Semua orang tentu tahu Gunung Tangkuban Perahu dan sasakala di balik terbentuknya gunung itu. Namun adakah yang tahu cerita tentang Gunung Burangrang, Gunung Bukuttunggul, atau Gunung Putri? Atau adalah yang tahu mengapa nama bukit-bukit di daerah Citatah, Kabupaten Bandung Barat memiliki nama-namanya sekarang?
Menurut cerita sesepuh dari Kampung Rancamoyan, Desa Gunungmasigit, Kecamatan Cipatat, Kabupaten Bandung Barat (seperti yang dituliskan dalam buku berjudul 'Wisata Bumi Cekungan Bandung' yang ditulis oleh Budi Brahmantyo dan T. Bachtiar), cerita tentang Sangkuriang tidak hanya membekas menjadi nama Gunung Tangkuban perahu. Namun cerita itu juga menjelaskan terjadinya beberapa daerah di Kabupaten Bandung Barat.

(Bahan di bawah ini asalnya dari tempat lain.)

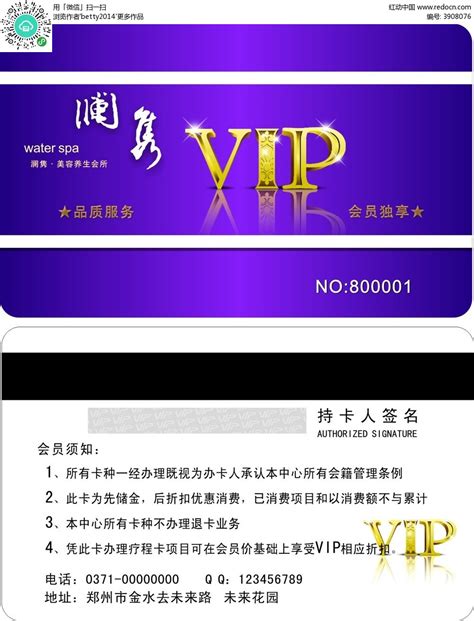 紫色渐变澜隽VIP卡模版CDR素材免费下载_红动中国
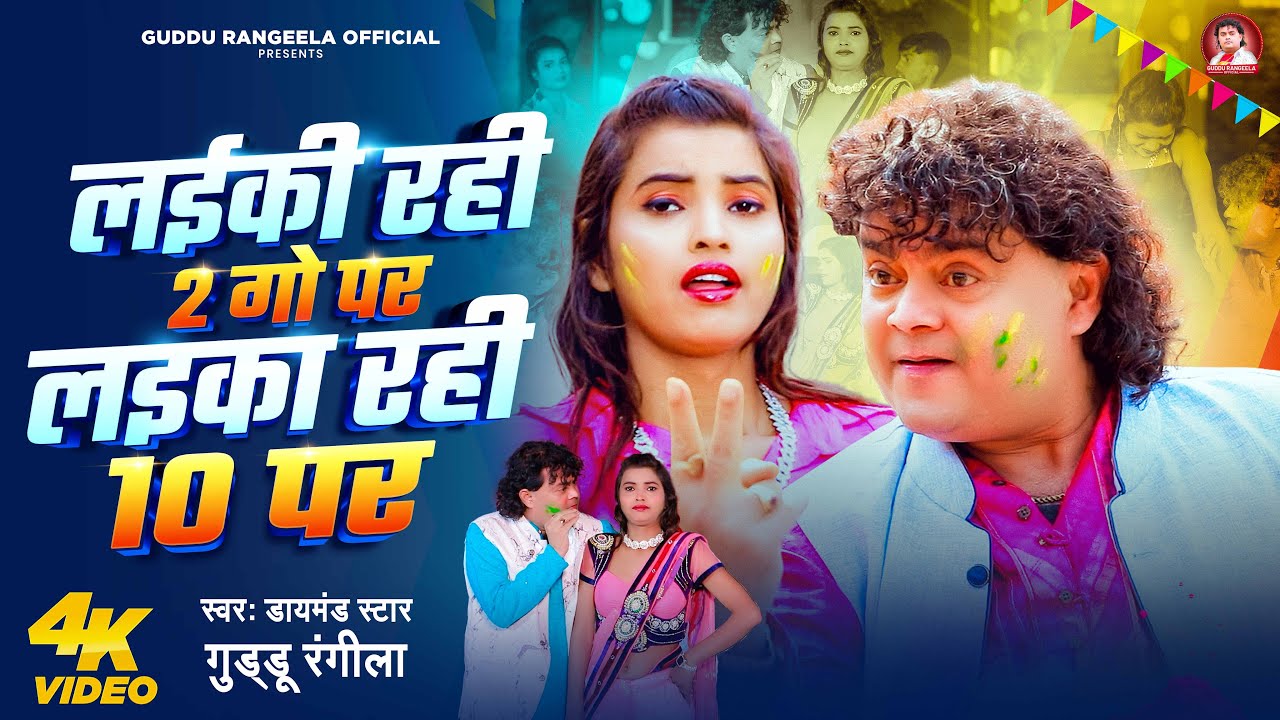 #Video | लईकी रही 2 गो पर लइका रही 10 पर | #Guddu_Rangila | New bhojpuri Holi Song 2025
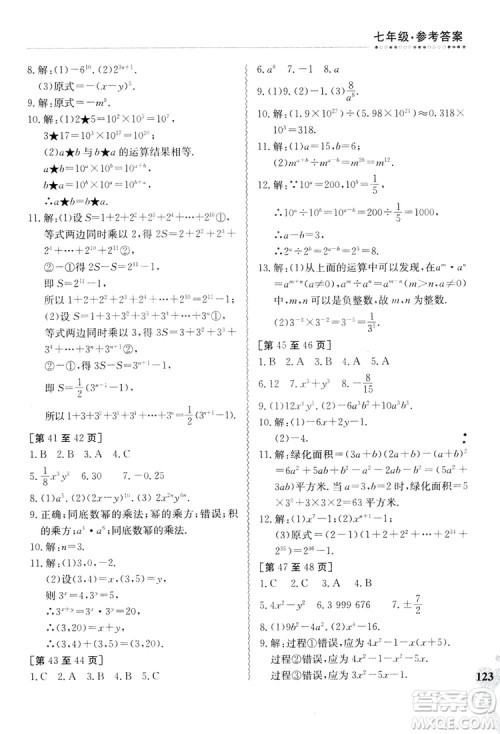 江西高校出版社2019暑假作业七年级合订本2-1答案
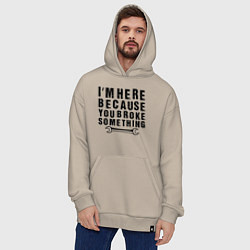Толстовка-худи оверсайз Инженер здесь потому, что ты что-то сломал, цвет: миндальный — фото 2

Cerita tentang Sangkuriang mengisahkan tentang seseorang bernama Sangkuriang yang ingin menikahi Dayang Sumbi, yang ternyata adalah ibunya sendiri. Dayang Sumbi, yang tidak menghendaki pernikahan tersebut namun tak kuasa menolak keinginan anaknya itu, kemudian mensyaratkan sesuatu yang sepertinya mustahil: membuat danau dan perahu dalam satu malam. Sangkuriang menyanggupinya karena dia memang memiliki kesaktian yang tinggi.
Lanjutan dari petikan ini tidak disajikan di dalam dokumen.